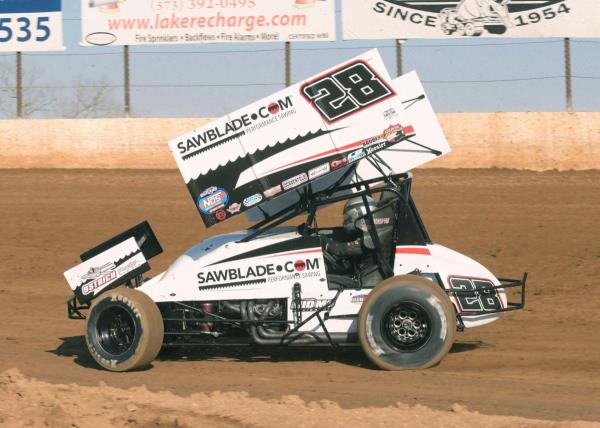 Scott Bogucki Collects Lucas Oil ASCS Score at Lake Ozark Speedway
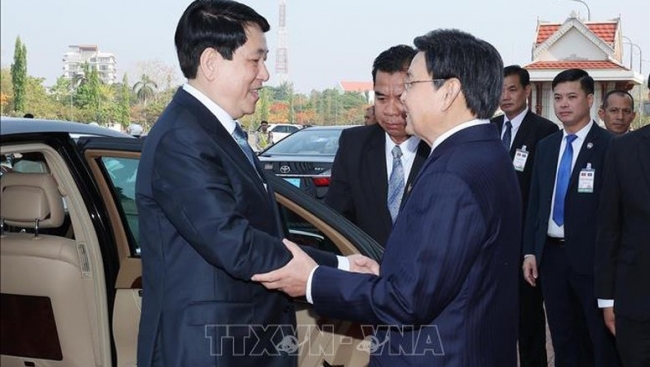 Dành ưu tiên cao nhất cho việc củng cố và tăng cường quan hệ Việt Nam - Lào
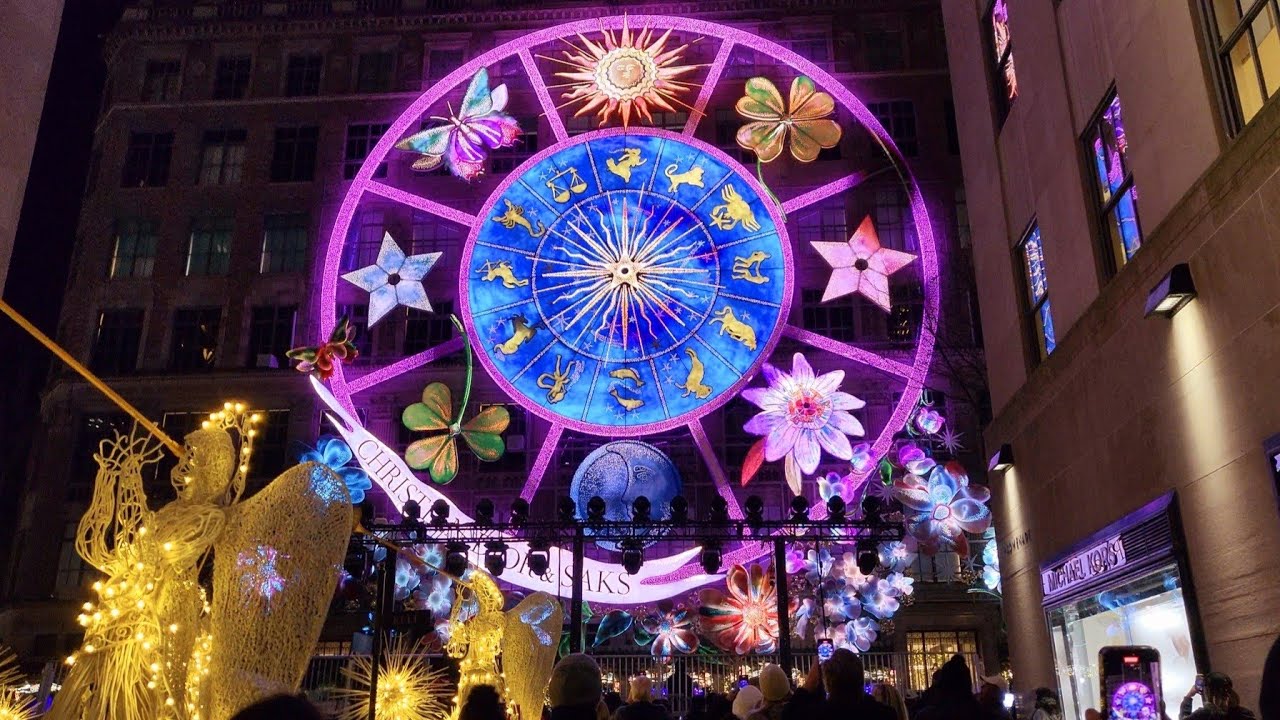 🎆 full 2023 Saks Fifth Avenue Holiday Light Show & Window Unveiling | Dior Carousel of Dreams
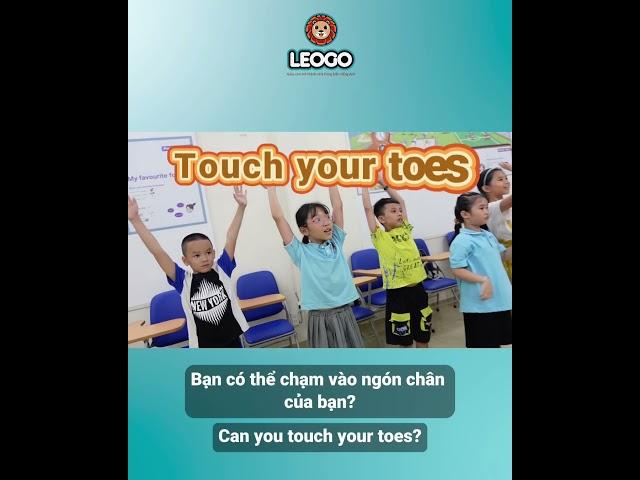 Warm up lớp học tiếng Anh tại Anh ngữ Leogo cùng cô Annie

++++++++++

**Problem requirements:** Pictures are to be omitted; otherwise, write out the data exactly as it appears.

**Answer to the exercise:**
 Scott Bogucki Collects Lucas Oil ASCS Score at Lake Ozark Speedway
 Dành ưu tiên cao nhất cho việc củng cố và tăng cường quan hệ Việt Nam - Lào
 🎆 full 2023 Saks Fifth Avenue Holiday Light Show & Window Unveiling | Dior Carousel of Dreams
 Warm up lớp học tiếng Anh tại Anh ngữ Leogo cùng cô Annie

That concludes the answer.